I always found travel/adventure literature very inspiring and exciting to read. Especially, when they had a mystic/spiriutal/esoteric twist to it. They could be also Autobigraphies. Non fiction

I would be very thankful, if you have any recommendations for me...
To make it easier, here are some examples of the best books I read from this "genre"

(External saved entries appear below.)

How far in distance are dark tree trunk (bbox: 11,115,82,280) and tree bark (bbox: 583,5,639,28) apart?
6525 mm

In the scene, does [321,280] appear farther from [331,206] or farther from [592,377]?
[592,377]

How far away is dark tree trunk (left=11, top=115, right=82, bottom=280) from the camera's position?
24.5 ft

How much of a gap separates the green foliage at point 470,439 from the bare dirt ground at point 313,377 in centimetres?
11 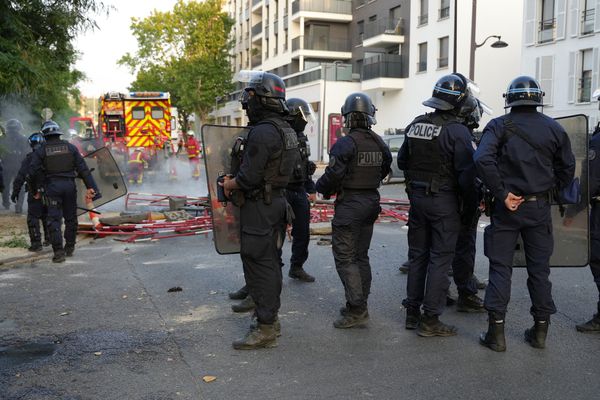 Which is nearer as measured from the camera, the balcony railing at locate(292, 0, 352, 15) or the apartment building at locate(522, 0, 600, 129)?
the apartment building at locate(522, 0, 600, 129)

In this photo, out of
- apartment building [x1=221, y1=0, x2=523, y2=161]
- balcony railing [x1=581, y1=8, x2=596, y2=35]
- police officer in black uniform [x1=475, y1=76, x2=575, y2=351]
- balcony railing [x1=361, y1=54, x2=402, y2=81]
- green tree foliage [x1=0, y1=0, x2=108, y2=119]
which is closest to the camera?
police officer in black uniform [x1=475, y1=76, x2=575, y2=351]

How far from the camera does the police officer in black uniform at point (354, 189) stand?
5.03m

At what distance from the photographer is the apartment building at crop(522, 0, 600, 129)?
78.8 ft

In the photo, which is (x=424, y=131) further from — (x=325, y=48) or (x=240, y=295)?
(x=325, y=48)

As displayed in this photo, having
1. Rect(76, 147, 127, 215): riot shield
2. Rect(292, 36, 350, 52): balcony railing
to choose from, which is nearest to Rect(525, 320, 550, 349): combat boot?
Rect(76, 147, 127, 215): riot shield

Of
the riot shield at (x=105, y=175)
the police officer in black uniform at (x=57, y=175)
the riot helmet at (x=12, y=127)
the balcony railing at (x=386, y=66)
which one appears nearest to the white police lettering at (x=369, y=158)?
the police officer in black uniform at (x=57, y=175)

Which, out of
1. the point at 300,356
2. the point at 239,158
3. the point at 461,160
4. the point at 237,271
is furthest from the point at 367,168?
the point at 237,271

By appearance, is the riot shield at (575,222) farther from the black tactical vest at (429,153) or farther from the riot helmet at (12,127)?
the riot helmet at (12,127)

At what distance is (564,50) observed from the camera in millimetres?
25125

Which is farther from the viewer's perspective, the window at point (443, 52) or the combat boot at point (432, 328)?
the window at point (443, 52)

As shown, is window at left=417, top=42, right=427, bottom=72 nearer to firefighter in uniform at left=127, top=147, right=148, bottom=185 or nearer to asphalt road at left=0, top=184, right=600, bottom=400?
firefighter in uniform at left=127, top=147, right=148, bottom=185

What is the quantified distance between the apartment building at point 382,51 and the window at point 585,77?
5029 mm

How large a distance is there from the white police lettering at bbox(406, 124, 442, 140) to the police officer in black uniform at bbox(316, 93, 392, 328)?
378 millimetres

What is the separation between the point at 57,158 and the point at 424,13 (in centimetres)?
2884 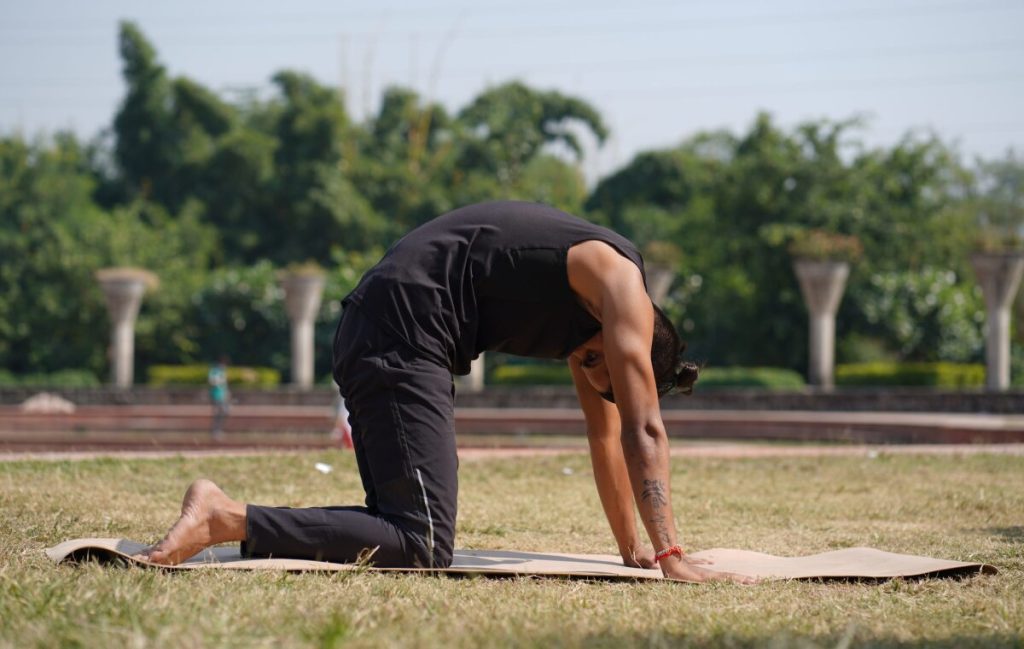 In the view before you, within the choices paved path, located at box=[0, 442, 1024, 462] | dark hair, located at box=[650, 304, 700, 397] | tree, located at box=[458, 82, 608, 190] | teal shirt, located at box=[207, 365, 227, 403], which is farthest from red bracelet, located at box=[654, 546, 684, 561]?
tree, located at box=[458, 82, 608, 190]

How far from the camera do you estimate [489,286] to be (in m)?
4.49

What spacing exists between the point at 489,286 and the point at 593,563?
114 centimetres

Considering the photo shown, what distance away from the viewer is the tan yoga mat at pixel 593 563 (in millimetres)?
4348

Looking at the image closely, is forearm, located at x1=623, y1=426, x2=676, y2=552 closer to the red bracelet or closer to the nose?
the red bracelet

https://upload.wikimedia.org/wikipedia/en/9/96/MeetingsWithRemarkableMen.jpg

MEETINGS WITH REMARKABLE MEN
Georges I. Gurdjieff
These are the memoirs of the great mystic and teacher who inspired a generation of disciples and followers before, during and briefing after the Second World War. In Meetings With Remarkable Men Gurdjieff introduces us to some of the companions he encountered in his travels to the most remote regions of Central Asia. With colorful episodes from his adventures, he brings to life the story of his own relentless search for a real and universal knowledge.

https://images-eu.ssl-images-amazon.com/images/I/41I2+sdbuQL._AC_UL600_SR600,600_.jpg

AUTOBIOGRAPHY OF A YOGI
Paramahamsa Yogananda
With engaging candor, eloquence, and wit, Paramahansa Yogananda tells the inspiring chronicle of his life: the experiences of his remarkable childhood, encounters with many saints and sages during his youthful search throughout India for an illumined teacher, ten years of training in the hermitage of a revered yoga master, and the thirty years that he lived and taught in America. Also recorded here are his meetings with Mahatma Gandhi, Rabindranath Tagore, Luther Burbank, the Catholic stigmatist Therese Neumann, and other celebrated spiritual personalities of East and West.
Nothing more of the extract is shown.